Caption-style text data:
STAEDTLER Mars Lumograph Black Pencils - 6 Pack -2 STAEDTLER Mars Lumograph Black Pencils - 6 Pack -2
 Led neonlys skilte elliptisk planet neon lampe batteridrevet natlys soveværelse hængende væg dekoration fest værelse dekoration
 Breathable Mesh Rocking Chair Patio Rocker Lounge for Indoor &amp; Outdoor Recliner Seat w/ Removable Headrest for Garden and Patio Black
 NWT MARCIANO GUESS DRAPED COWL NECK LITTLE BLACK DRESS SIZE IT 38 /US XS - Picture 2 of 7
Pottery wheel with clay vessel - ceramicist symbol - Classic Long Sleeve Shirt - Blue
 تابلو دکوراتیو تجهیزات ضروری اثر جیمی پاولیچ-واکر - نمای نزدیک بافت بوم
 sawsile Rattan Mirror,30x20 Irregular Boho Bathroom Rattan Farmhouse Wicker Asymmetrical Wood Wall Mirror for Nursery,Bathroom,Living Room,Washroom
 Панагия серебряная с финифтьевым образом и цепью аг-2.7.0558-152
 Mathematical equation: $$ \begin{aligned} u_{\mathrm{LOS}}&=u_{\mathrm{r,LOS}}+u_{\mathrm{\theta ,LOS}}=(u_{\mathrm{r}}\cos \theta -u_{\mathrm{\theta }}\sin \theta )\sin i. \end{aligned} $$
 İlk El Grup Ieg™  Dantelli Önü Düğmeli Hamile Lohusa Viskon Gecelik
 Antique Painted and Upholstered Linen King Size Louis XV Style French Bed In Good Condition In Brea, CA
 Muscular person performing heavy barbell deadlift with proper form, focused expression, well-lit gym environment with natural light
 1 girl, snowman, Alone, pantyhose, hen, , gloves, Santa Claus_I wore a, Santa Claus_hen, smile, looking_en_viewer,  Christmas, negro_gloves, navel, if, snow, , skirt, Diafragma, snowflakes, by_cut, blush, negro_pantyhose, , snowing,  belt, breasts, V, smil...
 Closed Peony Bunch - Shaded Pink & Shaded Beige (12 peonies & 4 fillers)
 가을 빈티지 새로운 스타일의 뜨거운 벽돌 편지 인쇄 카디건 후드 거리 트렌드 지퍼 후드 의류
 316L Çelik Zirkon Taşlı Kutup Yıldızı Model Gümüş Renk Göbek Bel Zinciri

• _TO DO_: The answer consists only of the lines from the one containing "Closed Peony Bunch" to the end of the records, each written out exactly.

• _YOUR RESPONSE_:
 Closed Peony Bunch - Shaded Pink & Shaded Beige (12 peonies & 4 fillers)
 가을 빈티지 새로운 스타일의 뜨거운 벽돌 편지 인쇄 카디건 후드 거리 트렌드 지퍼 후드 의류
 316L Çelik Zirkon Taşlı Kutup Yıldızı Model Gümüş Renk Göbek Bel Zinciri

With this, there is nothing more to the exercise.